舞台衣装でカツラを取った状態の蝶子。「頼介君、東京に?」
うなずく安乃。
蝶子「手紙はどこから?」
安乃「住所は書いてないんです。手紙には『岩崎さんにケガをさせたことは悪かった』と書いてありました。『蝶子さんが怒るのも無理はない』って」
蝶子「そう」
安乃「蝶子さん。兄のことは気にしないでください。兄のことは蝶子さんのせいではないですから」
⚟女「北山さん、そろそろよ!」
蝶子「安乃ちゃん、今日、千秋楽なの。見ていかない?」
安乃「5時には戻らんきゃいけないから」
蝶子「じゃ、また千駄木の方においで」
うなずく安乃。
夜道を「蝶々夫人 ある晴れた日に」のハミングしながら歩く蝶子。
バラの花束を持って歩く蝶子と少し後ろを歩いている要。
野々村家前
蝶子「今日は、わざわざ送っていただいて」頭を下げる。
要「…いや。う~ん…」
蝶子「叔父さんもいると思うし、寄っていきませんか?」
要「君ね」
蝶子「はい?」
せきばらいし、蝶子に近づく要。「君は俺とだな!」
蝶子「?」
要「結婚するだろ!?」
蝶子「!!」
要「僕とだ!」
ビンタで返す蝶子は、慌てて玄関に入った。
<結婚だって、チョッちゃん!>
蝶子「じょ…冗談でないわ!」(つづく)
このビンタのシーン、短い予告でよく流れてた。昭和的表現だよね~、ビンタ。
実際の方がすごい…ということもそうだけど(今なら犯罪だけど、結婚したからいいのか!?)、蝶子って実際は兄弟いたのかな? 道郎は面白くするための架空の存在かな?と思っていたから、実際、兄はいたんだね。しかし、伯父伯母表記だから、母の弟という設定は架空なのか?

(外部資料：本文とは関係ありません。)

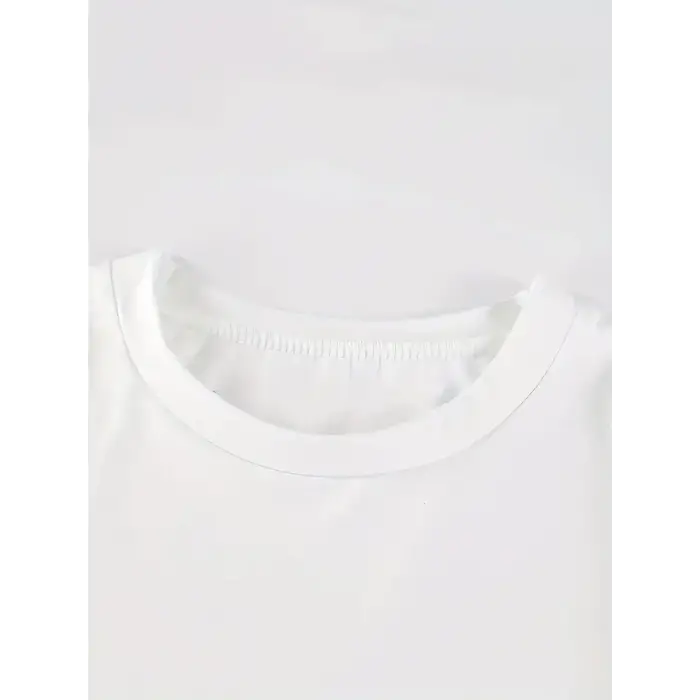 Kadın New York Baskılı Tişort Kısa Kol Bisiklet Yaka T-shirt - Beyaz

朝ドラ「チョッちゃん」より実際のほうが過激だった…家族中が大騒ぎした黒柳徹子の母「人さらい婚」のいきさつ 「僕の奥さんになるしかないよ」と閉じ込められた https://t.co/4T7sPT05qR
— PRESIDENT WOMAN (@Pre_Woman) May 28, 2025
黒柳朝さんの原作本も読みたいんだけどな~。出版社の人は、こういうのを目ざとく電子書籍化とかすりゃいいのにな~。「あぐり」のころは、いろいろ買って読んだよ。
しかし、こういう昔のやべーエピソードって盛って話してるのか、結婚もしてるし、子供もいるから、女性の方も少なからず気持ちがあってのことなのか!? エピソードだけ聞くと外から鍵かけるとか「別れて生きる時も」の小野木じゃーん!